*** Excerpted data ***

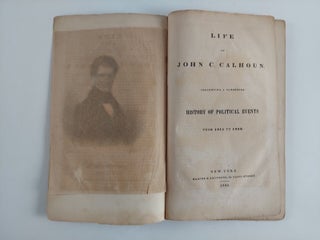 The Life of John C. Calhoun. Presenting a Condensed History of Political Events from 1811 to 1843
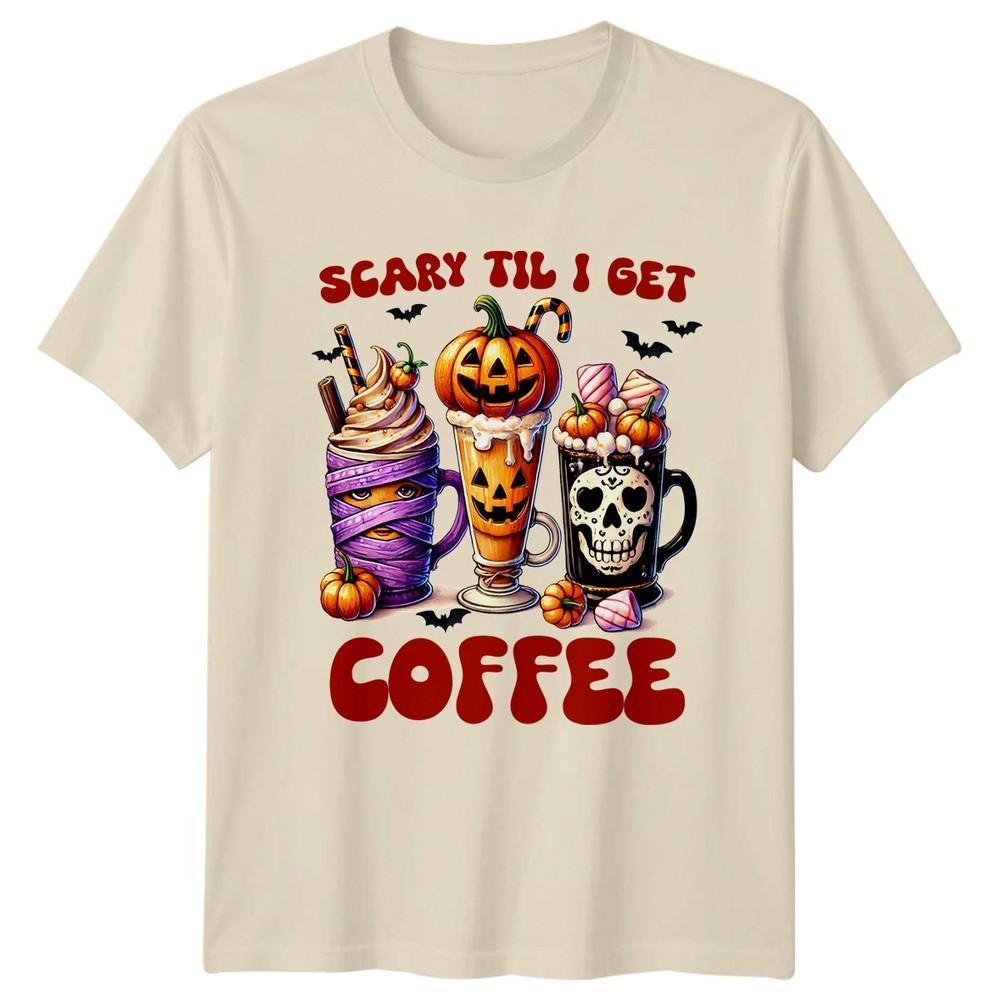 Scary Til I Get TShirt Spooky Season Halloween Coffee Halloween Gift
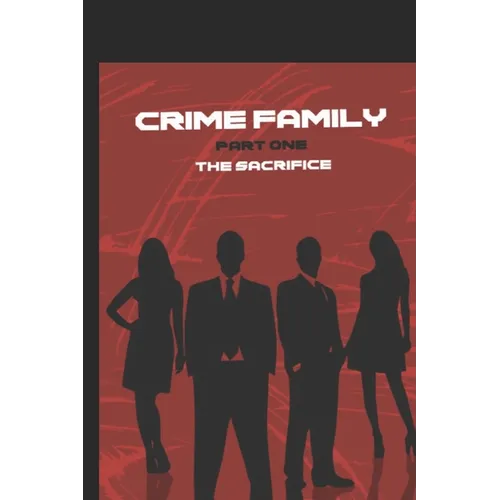 Crime Family Pt1: The Sacrifice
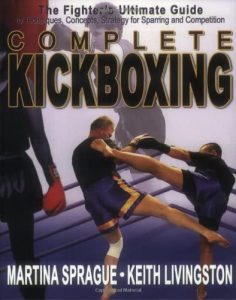 Keith Livingston Martin Sprague - Complete Kickboxing -Vol 1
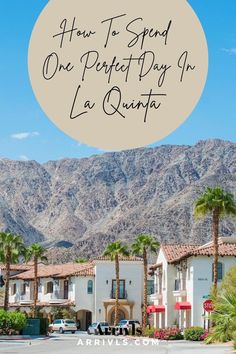 the mountains and palm trees in la quintaa, california with text overlaying it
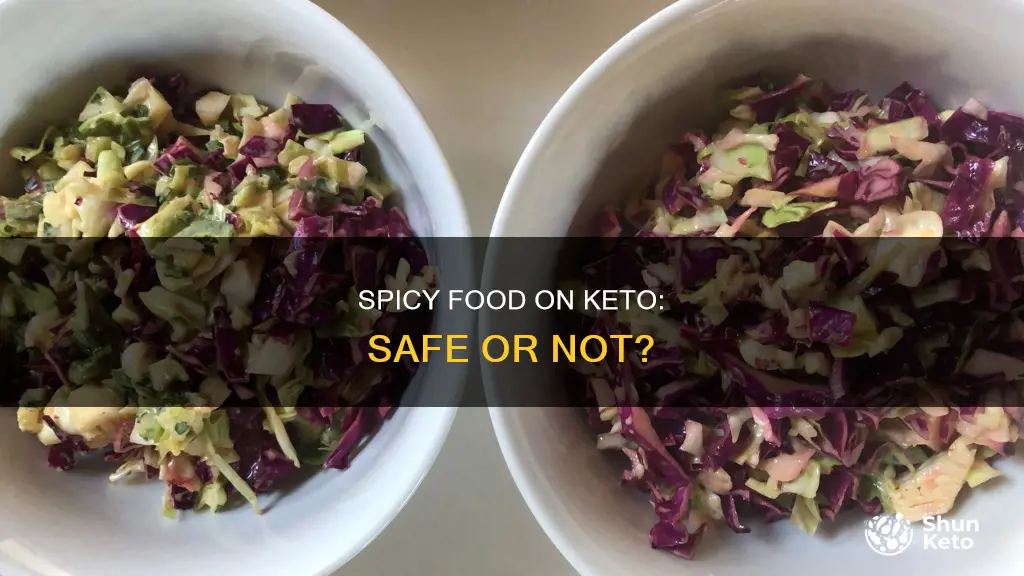 can you eat spicy food on keto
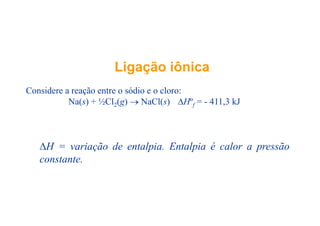 ii iô iiô i
id ódi l
LigaçãoLigação iônicaiônica
Considere a reação entre o sódio e o cloro:
Na(s) + ½Cl2(g) → NaCl(s) ΔHºf = - 411,3 kJ
ΔH = variação de entalpia. Entalpia é calor a pressão
constante.
 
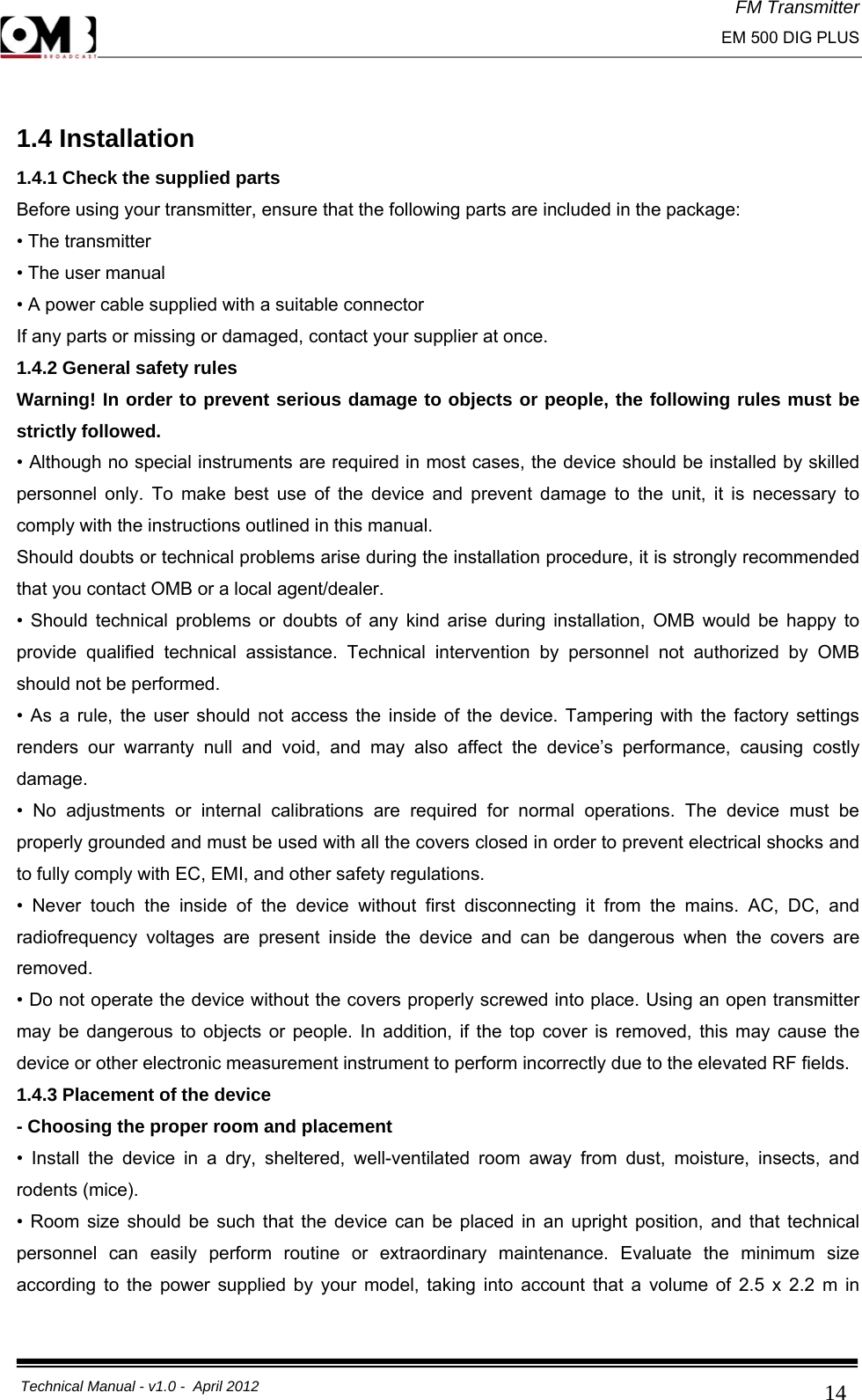 FM Transmitter                                                                                                                                                     EM 500 DIG PLUS     Technical Manual - v1.0 -  April 2012                                        14 1.4 Installation 1.4.1 Check the supplied parts Before using your transmitter, ensure that the following parts are included in the package: • The transmitter • The user manual • A power cable supplied with a suitable connector If any parts or missing or damaged, contact your supplier at once. 1.4.2 General safety rules Warning! In order to prevent serious damage to objects or people, the following rules must be strictly followed. • Although no special instruments are required in most cases, the device should be installed by skilled personnel only. To make best use of the device and prevent damage to the unit, it is necessary to comply with the instructions outlined in this manual. Should doubts or technical problems arise during the installation procedure, it is strongly recommended that you contact OMB or a local agent/dealer. • Should technical problems or doubts of any kind arise during installation, OMB would be happy to provide qualified technical assistance. Technical intervention by personnel not authorized by OMB should not be performed. • As a rule, the user should not access the inside of the device. Tampering with the factory settings renders our warranty null and void, and may also affect the device’s performance, causing costly damage. • No adjustments or internal calibrations are required for normal operations. The device must be properly grounded and must be used with all the covers closed in order to prevent electrical shocks and to fully comply with EC, EMI, and other safety regulations. • Never touch the inside of the device without first disconnecting it from the mains. AC, DC, and radiofrequency voltages are present inside the device and can be dangerous when the covers are removed. • Do not operate the device without the covers properly screwed into place. Using an open transmitter may be dangerous to objects or people. In addition, if the top cover is removed, this may cause the device or other electronic measurement instrument to perform incorrectly due to the elevated RF fields. 1.4.3 Placement of the device - Choosing the proper room and placement • Install the device in a dry, sheltered, well-ventilated room away from dust, moisture, insects, and rodents (mice). • Room size should be such that the device can be placed in an upright position, and that technical personnel can easily perform routine or extraordinary maintenance. Evaluate the minimum size according to the power supplied by your model, taking into account that a volume of 2.5 x 2.2 m in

***

▸ **Goal of the exercise**:
Each line above must be set down exactly, though no picture should be carried over.

▸ **Result of this exercise**:
 The Life of John C. Calhoun. Presenting a Condensed History of Political Events from 1811 to 1843
 Scary Til I Get TShirt Spooky Season Halloween Coffee Halloween Gift
 Crime Family Pt1: The Sacrifice
 Keith Livingston Martin Sprague - Complete Kickboxing -Vol 1
 the mountains and palm trees in la quintaa, california with text overlaying it
 can you eat spicy food on keto
 ii iô iiô i
id ódi l
LigaçãoLigação iônicaiônica
Considere a reação entre o sódio e o cloro:
Na(s) + ½Cl2(g) → NaCl(s) ΔHºf = - 411,3 kJ
ΔH = variação de entalpia. Entalpia é calor a pressão
constante.
 
 FM Transmitter                                                                                                                                                     EM 500 DIG PLUS     Technical Manual - v1.0 -  April 2012                                        14 1.4 Installation 1.4.1 Check the supplied parts Before using your transmitter, ensure that the following parts are included in the package: • The transmitter • The user manual • A power cable supplied with a suitable connector If any parts or missing or damaged, contact your supplier at once. 1.4.2 General safety rules Warning! In order to prevent serious damage to objects or people, the following rules must be strictly followed. • Although no special instruments are required in most cases, the device should be installed by skilled personnel only. To make best use of the device and prevent damage to the unit, it is necessary to comply with the instructions outlined in this manual. Should doubts or technical problems arise during the installation procedure, it is strongly recommended that you contact OMB or a local agent/dealer. • Should technical problems or doubts of any kind arise during installation, OMB would be happy to provide qualified technical assistance. Technical intervention by personnel not authorized by OMB should not be performed. • As a rule, the user should not access the inside of the device. Tampering with the factory settings renders our warranty null and void, and may also affect the device’s performance, causing costly damage. • No adjustments or internal calibrations are required for normal operations. The device must be properly grounded and must be used with all the covers closed in order to prevent electrical shocks and to fully comply with EC, EMI, and other safety regulations. • Never touch the inside of the device without first disconnecting it from the mains. AC, DC, and radiofrequency voltages are present inside the device and can be dangerous when the covers are removed. • Do not operate the device without the covers properly screwed into place. Using an open transmitter may be dangerous to objects or people. In addition, if the top cover is removed, this may cause the device or other electronic measurement instrument to perform incorrectly due to the elevated RF fields. 1.4.3 Placement of the device - Choosing the proper room and placement • Install the device in a dry, sheltered, well-ventilated room away from dust, moisture, insects, and rodents (mice). • Room size should be such that the device can be placed in an upright position, and that technical personnel can easily perform routine or extraordinary maintenance. Evaluate the minimum size according to the power supplied by your model, taking into account that a volume of 2.5 x 2.2 m in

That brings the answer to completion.